_YOUR ASSIGNMENT:_ Transcribe all of the records word for word, but omit the pictures.

EXCERPTED DATA START

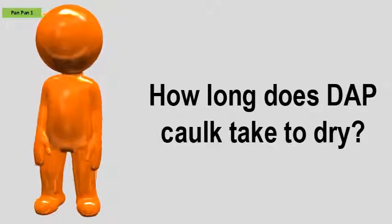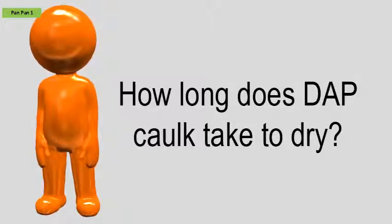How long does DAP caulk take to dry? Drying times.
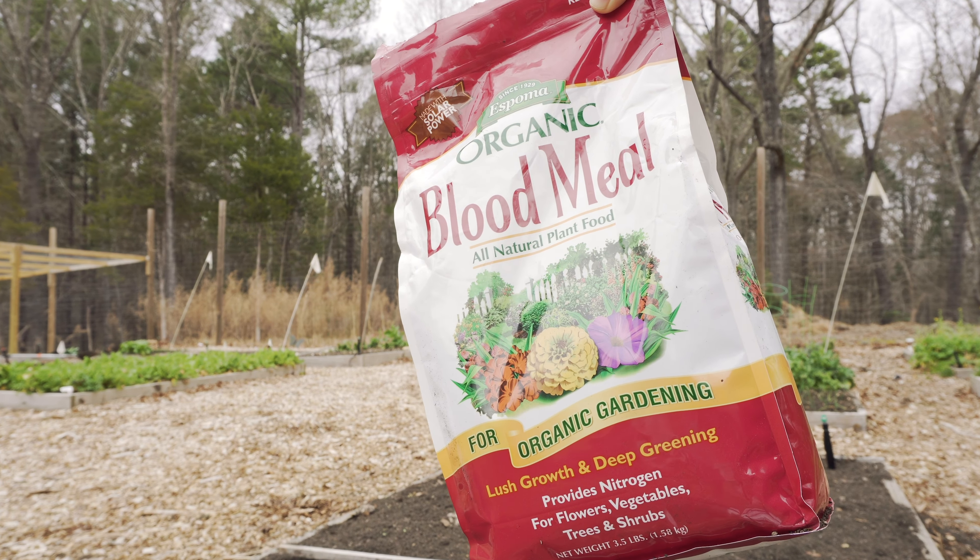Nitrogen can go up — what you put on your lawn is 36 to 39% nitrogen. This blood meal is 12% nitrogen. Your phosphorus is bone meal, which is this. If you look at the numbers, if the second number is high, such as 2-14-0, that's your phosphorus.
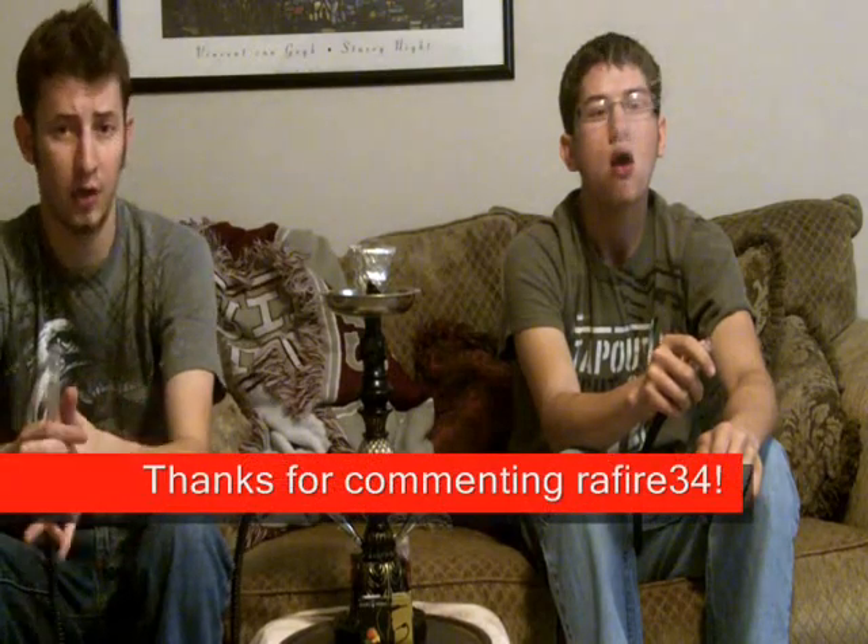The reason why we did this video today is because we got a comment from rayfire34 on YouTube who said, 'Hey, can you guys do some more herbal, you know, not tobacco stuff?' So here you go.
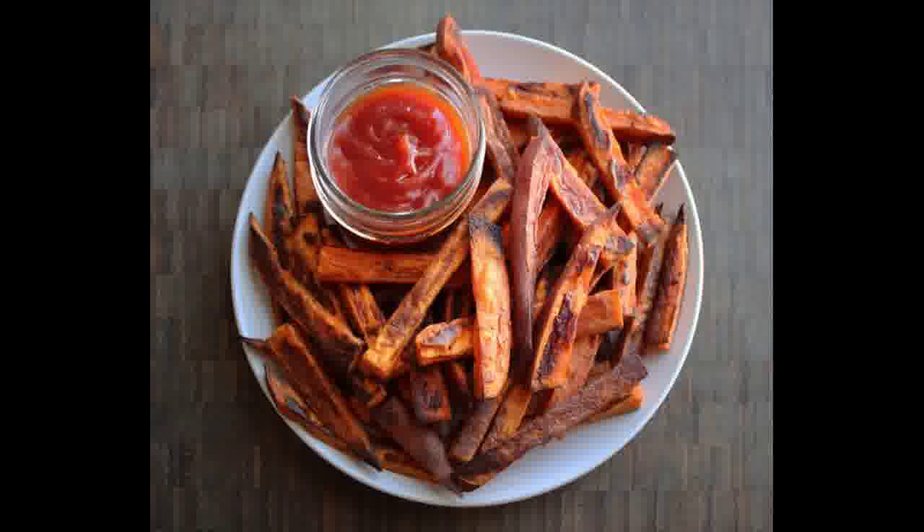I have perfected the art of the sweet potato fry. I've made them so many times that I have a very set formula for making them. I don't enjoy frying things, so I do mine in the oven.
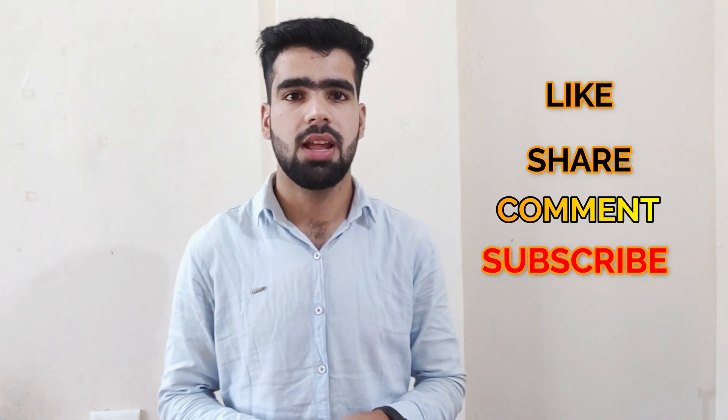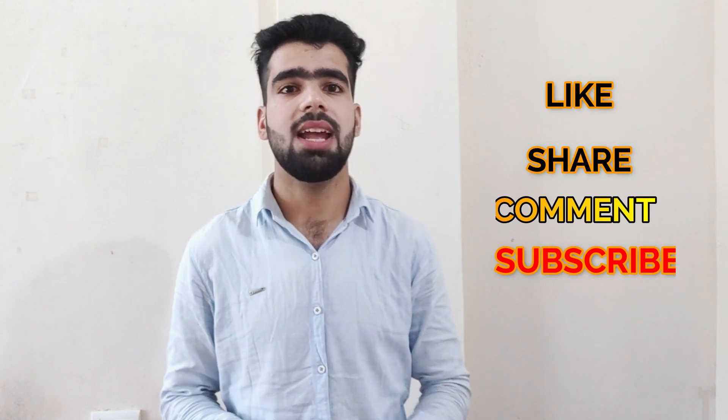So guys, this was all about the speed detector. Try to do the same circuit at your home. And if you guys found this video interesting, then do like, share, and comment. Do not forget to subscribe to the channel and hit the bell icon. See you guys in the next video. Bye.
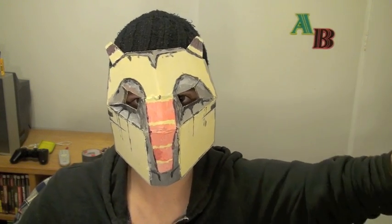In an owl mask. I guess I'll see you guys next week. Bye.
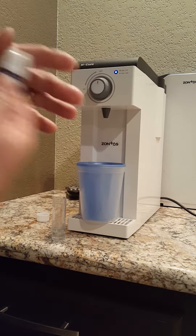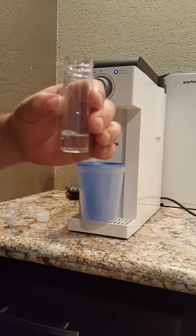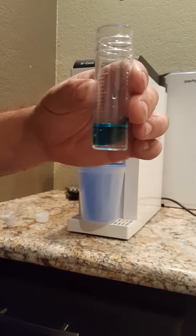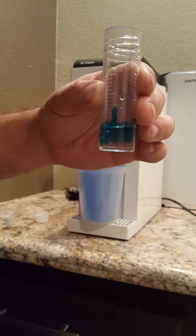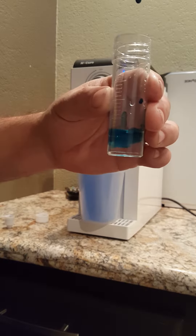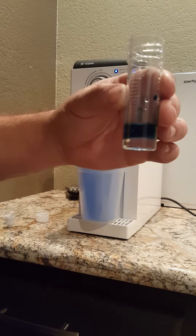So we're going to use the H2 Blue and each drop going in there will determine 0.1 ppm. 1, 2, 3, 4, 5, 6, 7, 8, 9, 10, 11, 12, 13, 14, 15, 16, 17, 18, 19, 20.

EXCERPTED DATA END

_RESPONSE TO THIS TASK:_
How long does DAP caulk take to dry? Drying times.
Nitrogen can go up — what you put on your lawn is 36 to 39% nitrogen. This blood meal is 12% nitrogen. Your phosphorus is bone meal, which is this. If you look at the numbers, if the second number is high, such as 2-14-0, that's your phosphorus.
The reason why we did this video today is because we got a comment from rayfire34 on YouTube who said, 'Hey, can you guys do some more herbal, you know, not tobacco stuff?' So here you go.
I have perfected the art of the sweet potato fry. I've made them so many times that I have a very set formula for making them. I don't enjoy frying things, so I do mine in the oven.
So guys, this was all about the speed detector. Try to do the same circuit at your home. And if you guys found this video interesting, then do like, share, and comment. Do not forget to subscribe to the channel and hit the bell icon. See you guys in the next video. Bye.
In an owl mask. I guess I'll see you guys next week. Bye.
So we're going to use the H2 Blue and each drop going in there will determine 0.1 ppm. 1, 2, 3, 4, 5, 6, 7, 8, 9, 10, 11, 12, 13, 14, 15, 16, 17, 18, 19, 20.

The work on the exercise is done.